Carrier State of Chronic Granulomatous Disease Presented at Middle Age: A Case Report

Abstract

Introduction: Chronic granulomatous disease (CGD) is the most common inherited defect of phagocytes. Although most female carriers of X-linked CGD have been considered to be unaffected, they may have similar problems to those of CGD patients. This study suggests that the CGD carrier state might be more complex than it was previously appreciated. Case Presentation: A sixty-year-old woman visited our hospital in June 2021 due to pneumonia and pleural effusion. Chest computed tomography scan revealed left lower lobe pneumonia and mediastinal lymphadenopathies. In July 2021, her symptoms (high-grade fever, chills, and hemoptysis) were initially attributed to a hydatid cyst. Therefore, she underwent a lobectomy, resulting in purulent drainage on the excision site on the skin, refractory to local and systemic treatments.
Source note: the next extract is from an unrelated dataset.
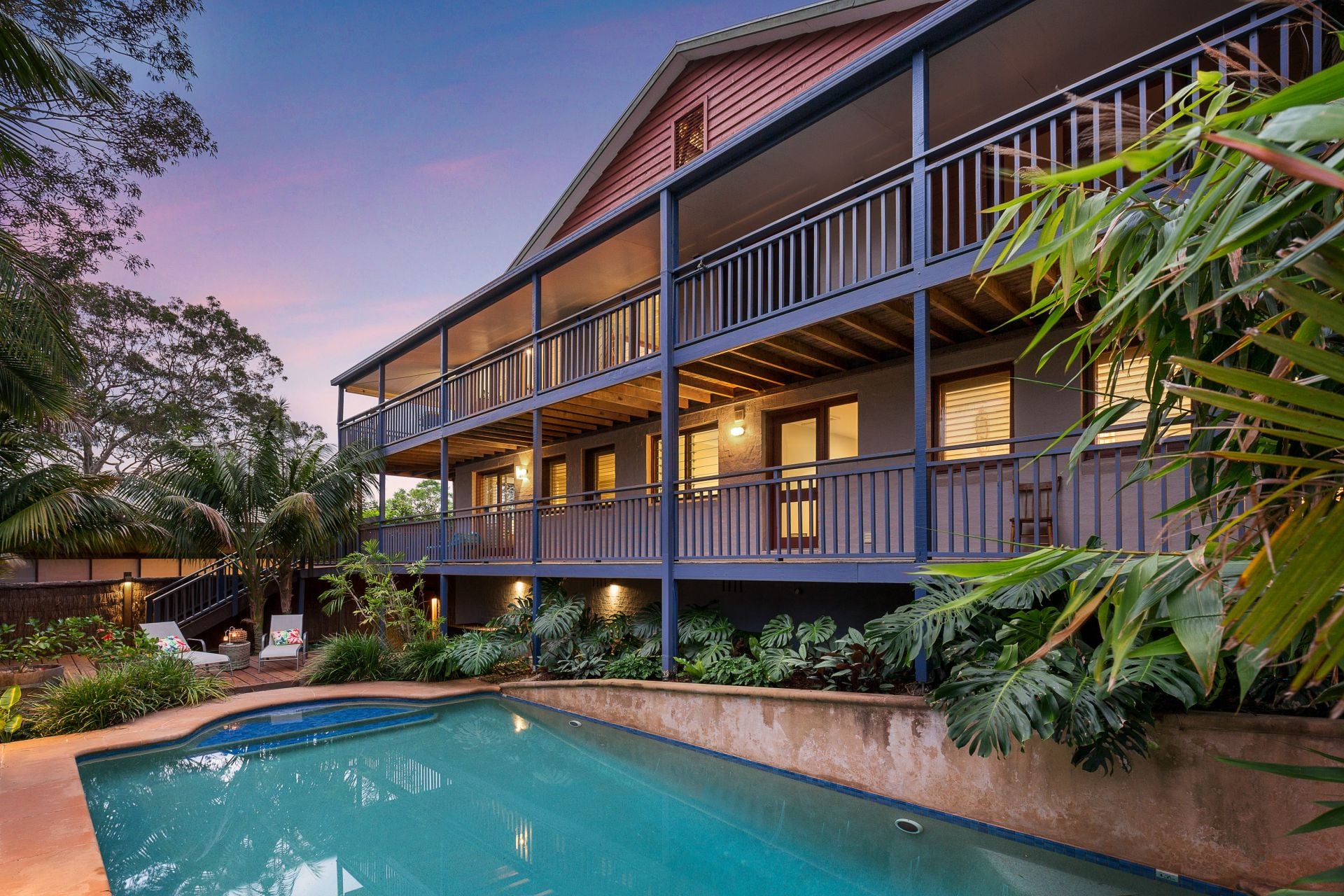 5 Capri Close Avalon NSW, Avalon - Thumbnail 4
The refractory and recurrent nature of the lesions led to the immunological evaluation, which was completely normal with a 100% nitroblue tetrazolium (NBT) and a dihydrorhodamine (DHR) of 278 (normal > 100). Further DHR123 flow cytometry investigations with multiple stimulants revealed a carrier state of CGD, which was relevant to her history of chronic complications. Conclusions: Adult patients with unusual manifestations suggestive of neutrophil function defects in adulthood should be evaluated for the CGD carrier state. In these cases, NBT alone may miss the diagnosis of CGD. In such cases, DHR testing with multiple stimulants may establish a robust diagnosis.